Generating SCAP content

Generating SCAP content can be achieved either by directly downloading it from one of the SCAP repositories (just use your favorite search engine and look for "oval repository" or so) or creating it yourself with an XML editor (or just a simple text editor).

If you downloaded OVAL files, a script is provided in pmcs that creates an XCCDF file that refers to all tests in the OVAL files. This is not needed in order to run OVAL scans, but if you want to create a SCAP data stream using open-scap, you need an XCCDF file:

~$ oscap ds sds-compose my-xccdf-file.xml

Parsing and interpreting OVAL and XCCDF results

The result files sent back from the targets still needs to be interpreted. The easiest way is to directly build the reports from the files, which you can do using ovaldi or open-scap or any of the other SCAP tools that provide reports.

As the files are XML files, anyone with some XSL expertise can build their own reports on the results.

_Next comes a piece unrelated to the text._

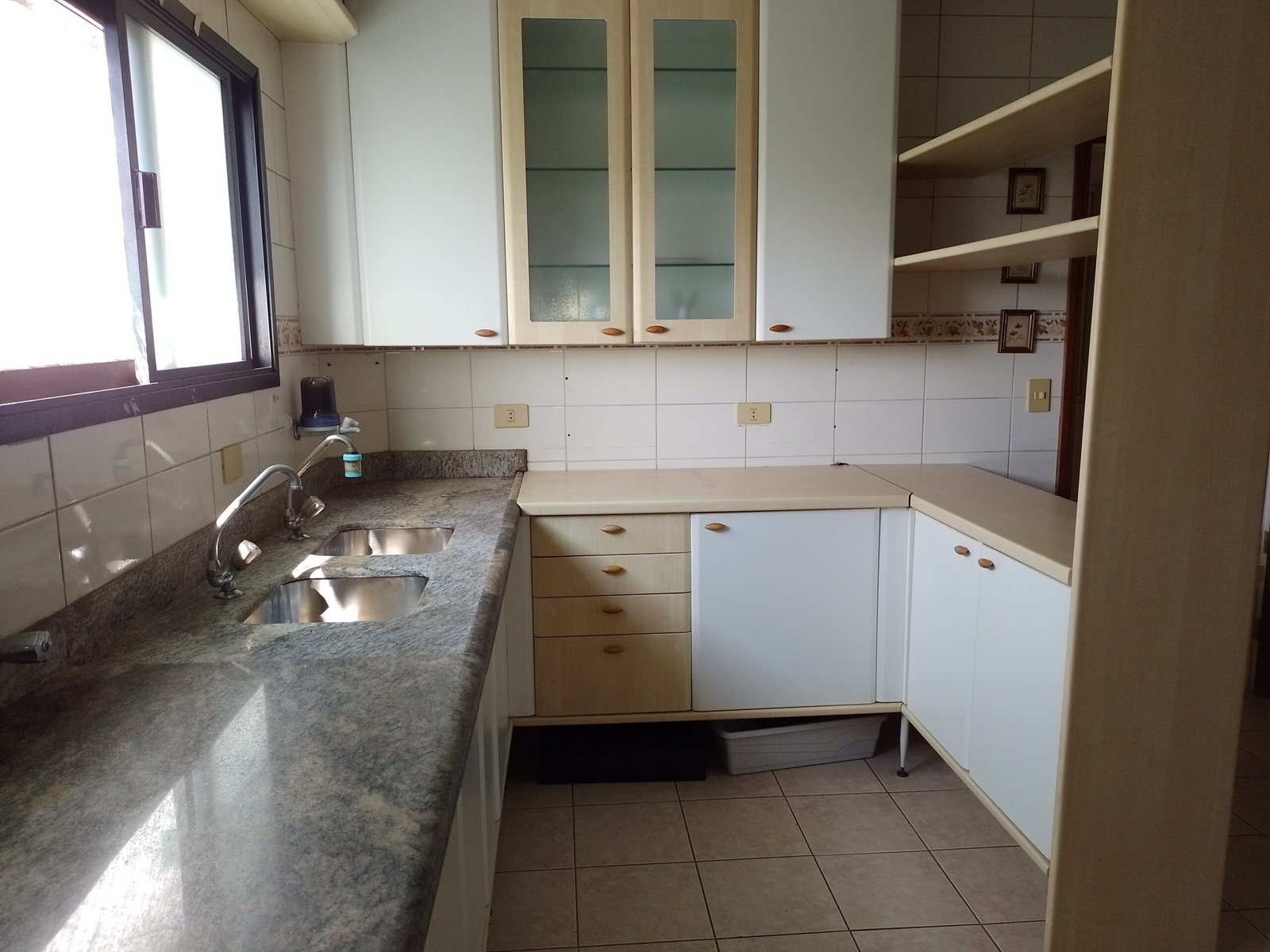 Butantã – Cód. 112902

We might add in a component to pmcs later to support reporting on the results, but for now the only provided methods are quite ugly and are mostly as try-outs.

Needed expertise

In order to use pmcs, you will need to have some understanding of how the Security Content Automation Protocols work and be able to work with at least one SCAP scanner software item.

External software requirements

The pmcs setup wouldn't be a "poor man" setup if we wouldn't leverage existing infrastructure as much as possible.

  • To build the SCAP data streams, we assume the administrator does this himself. This can be accomplished with tools such as open-scap.
  • The first central repositories are simple HTTP directory structures; pmcs will provide a few scripts to easily manage those, such as creating the proper directory structure.
  • The target repository to save files in will, at first, be a simple CGI script to run on a web server. Authentication against the repositories is assumed to be handled using the system's server certificates if applicable.
  • The pmcsa script (currently) relies on curl, wget and nc (netcat) on Unix to support its endeavors for network-related activities.